*** Block opens ***

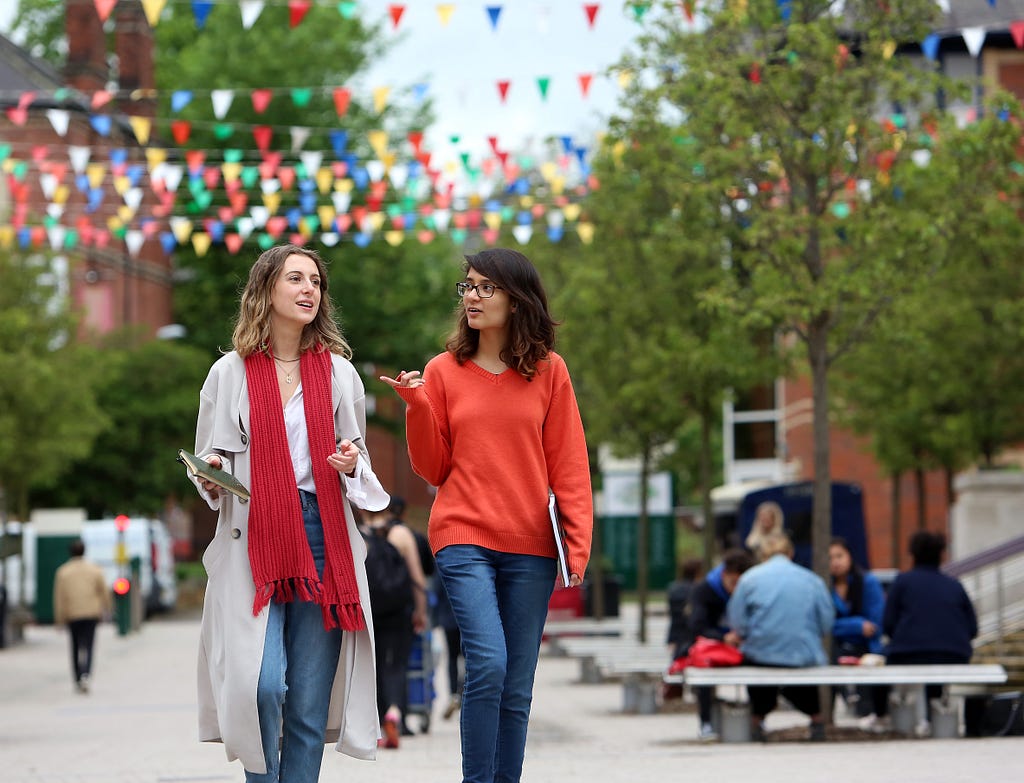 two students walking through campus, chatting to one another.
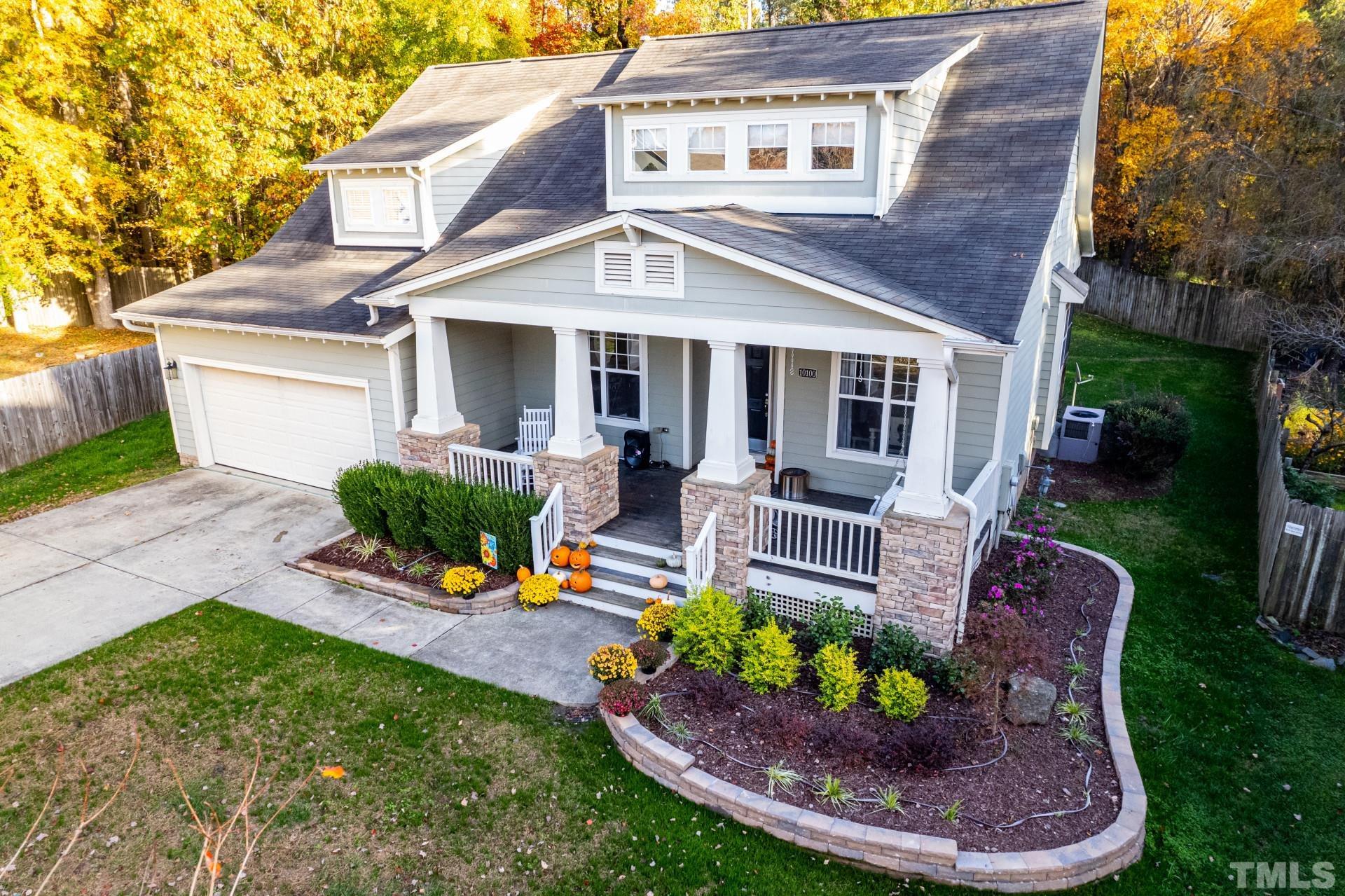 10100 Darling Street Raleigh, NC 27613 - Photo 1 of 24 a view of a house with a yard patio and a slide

*** Block closes ***
*** Block opens ***

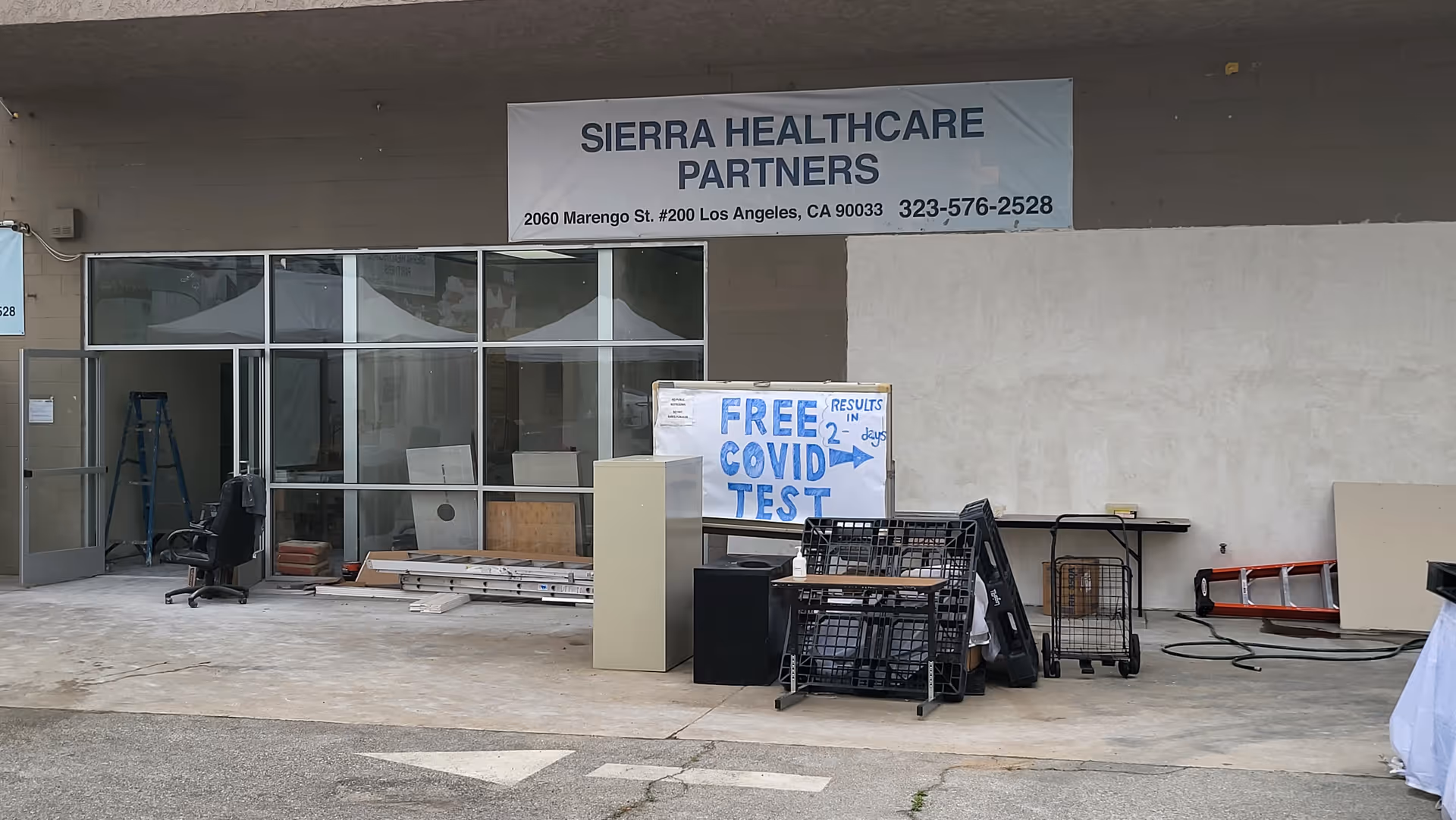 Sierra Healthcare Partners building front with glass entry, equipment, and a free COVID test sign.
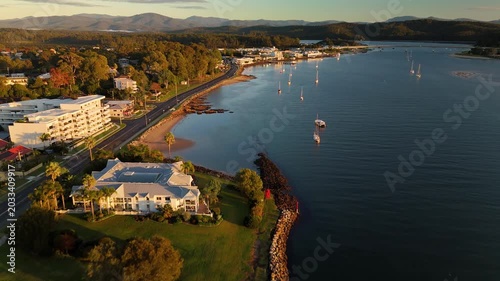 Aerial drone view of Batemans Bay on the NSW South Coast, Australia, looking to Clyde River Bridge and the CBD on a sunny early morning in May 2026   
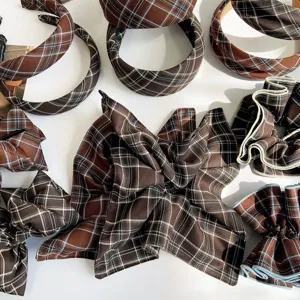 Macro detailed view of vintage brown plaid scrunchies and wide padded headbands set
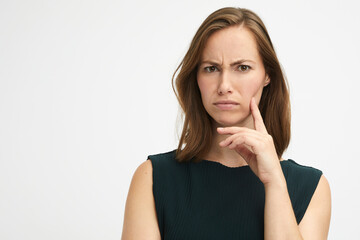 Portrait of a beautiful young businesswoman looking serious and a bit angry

*** Block closes ***

▸ **YOUR GOAL**: Without the pictures, set down the lines above from the line with "two students walking" up to and including the line with "10100 Darling Street" exactly as they stand.

▸ **ANSWER TO THIS EXERCISE**:
 two students walking through campus, chatting to one another.
 10100 Darling Street Raleigh, NC 27613 - Photo 1 of 24 a view of a house with a yard patio and a slide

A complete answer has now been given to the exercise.